Empty bags, Open Hands by Benjamin Grimm

Earlier this year, I planned a medical outreach with the intent to visit several of our most remote communities and demonstrate techniques for first aid and self-care. The routes had to be confirmed by our neighbors because some waterways were closed due to deadfalls. The arrangements were not a light undertaking. We had no extra clothes, no food, and only a minimum of bedding and mosquito nets. Our only plan was to go where we were welcomed and visit each place open to us. We were committed to go just as Jesus sent his disciples, empty bags and open hands.

I have been far beyond my comfort zone these past 5 years, being in a posture that makes me completely reliant on the communities I am living with. I was needy. I am still needy. Lesson #1: You have to be needy to be in community. 

It didn’t take long to understand that going with nothing meant we were entirely reliant on our hosts for our next meal, water to drink, and a place to sleep. It also didn’t take long to notice I don’t like sago, a common carb for the locals. I don’t like bony fish that are so abundant in these waters. I prefer strong spices that these new neighbors of mine have never heard of. I usually expect my coffee to be made a particular way. But now all we had was instant coffee. I do love the security of a routine and the comfort of knowing what happens next, but this wasn’t a place for personal preferences.

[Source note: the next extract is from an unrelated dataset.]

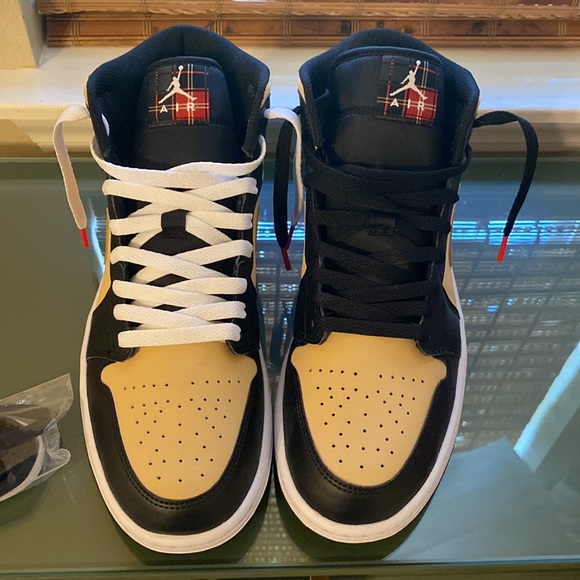 COPY - Air Jordan 1 Mid SE "Tartan Swoosh" sneakers New in Box - Picture 5 of 13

After treating dozens of sick people, sharing worship, and returning to our house to relax for the evening, our host came with food for us. He then sat down and ate with us in what I saw as a beautiful gesture of friendship. Dinner was sago glue, bony fish, and some cooked greens. I normally do not choose this type of dinner, but it ceased to be about the food and became something more. Lesson #2: Community happens in spaces we don’t plan and in ways we don’t expect. We shared another meal the next morning. After the host generously served tea to our team, he discovered I drank coffee. He then retrieved what I later gathered was the only serving of instant coffee in the house to offer to me. I was moved to be accommodated with such a scarce gift. Lesson #3: Hospitality is a precious gift.

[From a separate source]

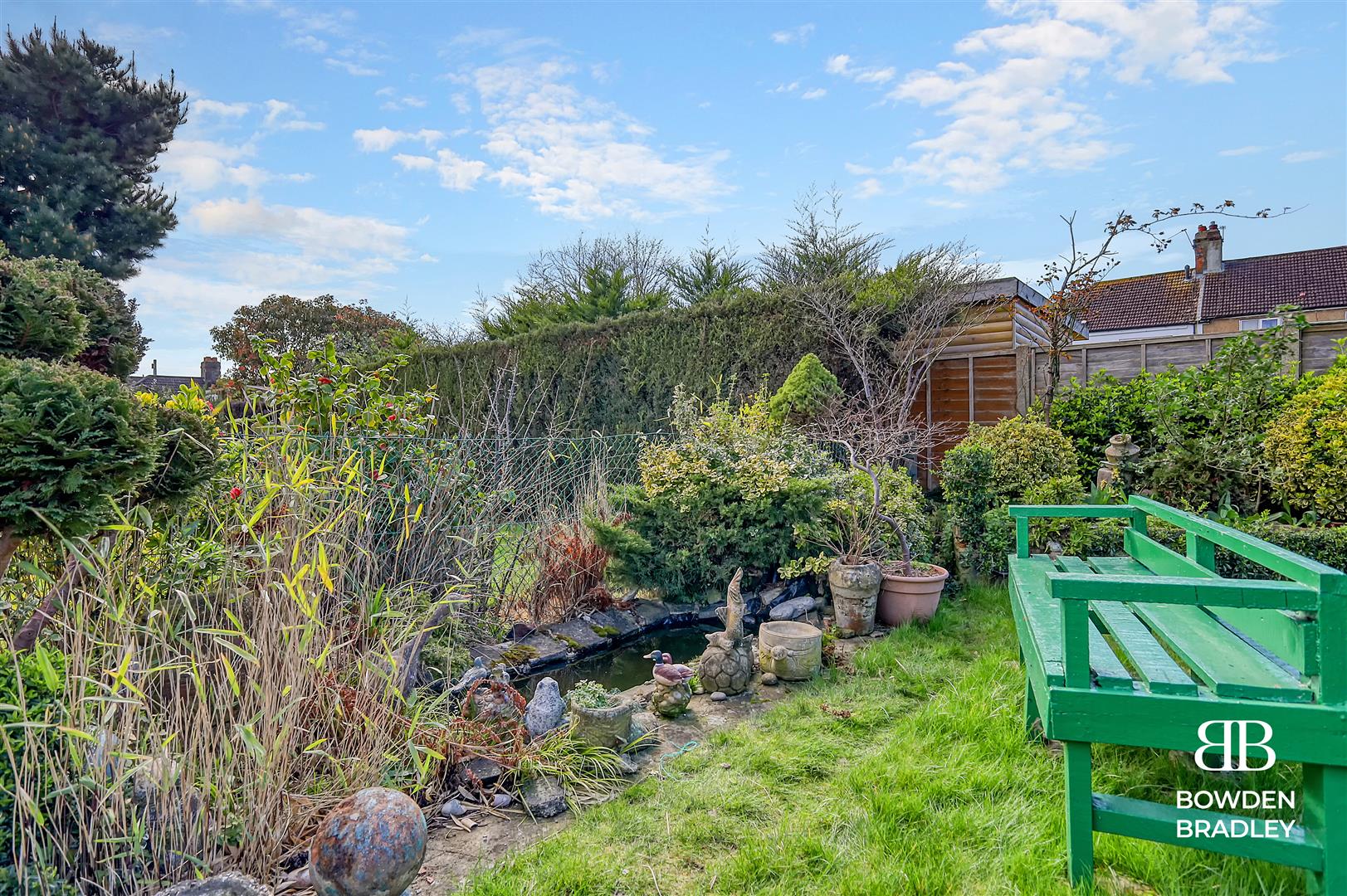 4 bed bungalow for sale in Lime Grove, Hainault  - Property Image 22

Later, when I did follow up treatment for my patients from the previous day, it was particularly gratifying to see the looks on their faces when we pulled bandages off and noted marked improvements. We soon left to go upriver and began a perilous journey up a very narrow tributary choked with logs, vines, and branches. The water flowed very fast making maneuvering exceptionally difficult and we spent a labor intensive few hours working our way upstream until we came to a large tree far too thick to cut through with a machete. For all our determination, it was easy to see the clear answer of “No.  Not this time”. We all realized the target village was not in God’s plan for us and turned around. Going back down was actually harder than going up because it was difficult to check our speed, we couldn’t even use the motor, so we cut spars and poled our way down. A village in the middle that we had bypassed for later became the target for that day. Lesson #4: Community is what God puts in front of you. We sent out word to bring sick folks, and I spent another several hours cleaning and patching infected sores. No service had been scheduled so we shared testimony and talked about the festering feud with the next village.

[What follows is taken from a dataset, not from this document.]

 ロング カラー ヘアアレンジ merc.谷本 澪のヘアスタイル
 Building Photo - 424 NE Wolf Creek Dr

That evening the discussion over dinner drifted to the feud again. No one offered to pray about it, but I had to excuse myself since I didn’t understand why these mature men of faith were upset. Lesson #5: Community is messy. Especially when you are in a space where there is a goal to learn from each other’s differences.

Coming back home wasn’t so much a huge relief but the sanguine feeling of a job well done. I missed my wife’s cooking. I returned to the familiar comfort of my four children’s affection. I sat in my yard and was at peace. I shook hands and told stories to my relatives and neighbors. I was back at home base, recharging for the next mission. Lesson #6: Community is an invitation, not an end.